WHAT YOU WILL DO: Entries below include pictures. Output exactly the lines from the one with "Rochie mini Rabanne de costum negru" down to the one with "ferrures pour fenêtres en plastique siegenia", both ends included, and leave the pictures out.

DATASET EXCERPTS:
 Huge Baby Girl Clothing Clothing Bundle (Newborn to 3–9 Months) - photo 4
---
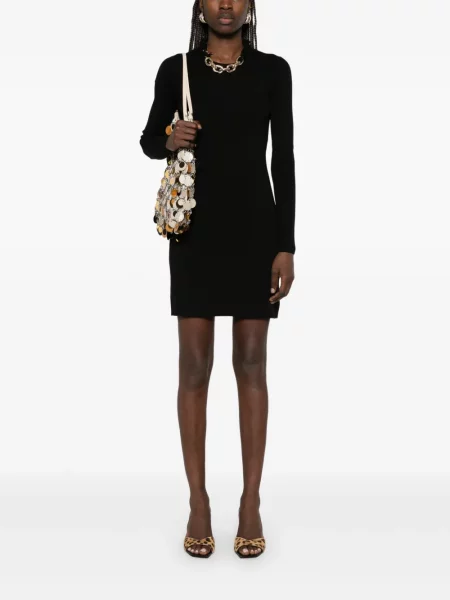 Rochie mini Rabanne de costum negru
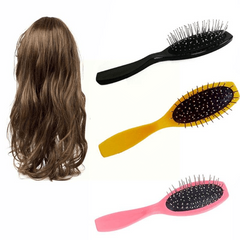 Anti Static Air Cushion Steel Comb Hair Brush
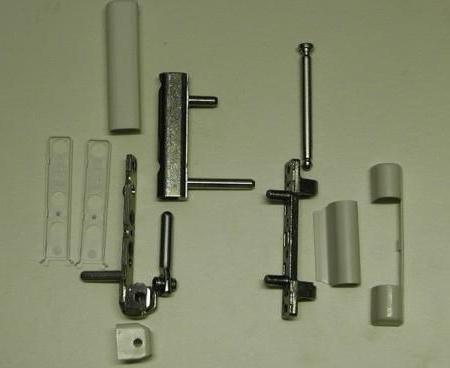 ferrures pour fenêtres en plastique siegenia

SOLUTION TO THE EXERCISE:
 Rochie mini Rabanne de costum negru
 Anti Static Air Cushion Steel Comb Hair Brush
 ferrures pour fenêtres en plastique siegenia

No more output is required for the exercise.